パルミラ王国(エジプトらへん)のゼノビアは、ローマからの独立を目指して自らが戦場に赴き戦ったことでウォリアークイーンとまで言われる戦う女王です。彼女はその功績から、「オリエント世界で屈指の女傑」と評価されることになります。
ローマすら驚嘆させるような戦術を展開する頭脳、ライオンやヒョウを狩っていたなどの記録から逞しい武人を想像させますが、歯は真珠のように白く、大きな黒い瞳は不思議な魅力があった。彼女は「絶世の美女」と謳われたクレオパトラに劣らない美貌を持っていたと、歴史家は記述している。

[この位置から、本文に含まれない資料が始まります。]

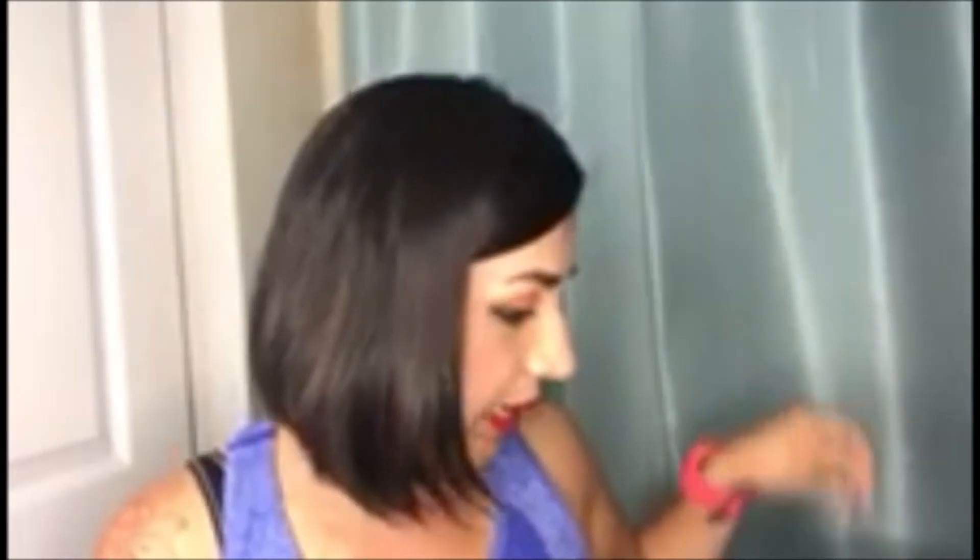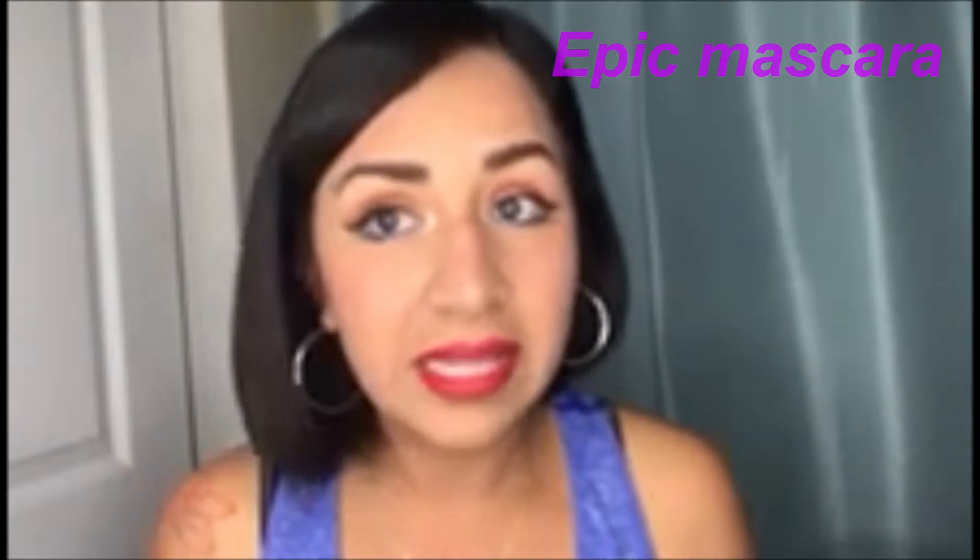That was really simple for getting this particular look just with these beautiful new colors that we have. I did go ahead and top it off with, of course, our epic mascara — and that's all I did. I did not use our fiber lash mascara for this particular step. So I'm going to go ahead and apply this real quick — I'm just doing one coat, I just did one coat the first time.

つまり、歴史上でも屈指の美人なんですね。今回は絶世の美女でありながら強い女王ゼノビアをご紹介していこうと思います。
どうぞよろしくお願いします。
女王以前
ゼノビアは230年〜240年頃にパルミラのアラブ系商人の子供として生まれたとされるが、よくわかってはいないようです。母親はギリシア人だった説もあり、ゼノビアは古代エジプト語が堪能であったことからエジプト出身なのではと言う説もあります。いずれにしても、エジプト語以外にも、ラテン語、ギリシア語、シリア語、アラビア語を理解して、哲学や文学、歴史など教養もあったので、裕福な家柄でしっかりとした教育を受けたことは間違いないと思います。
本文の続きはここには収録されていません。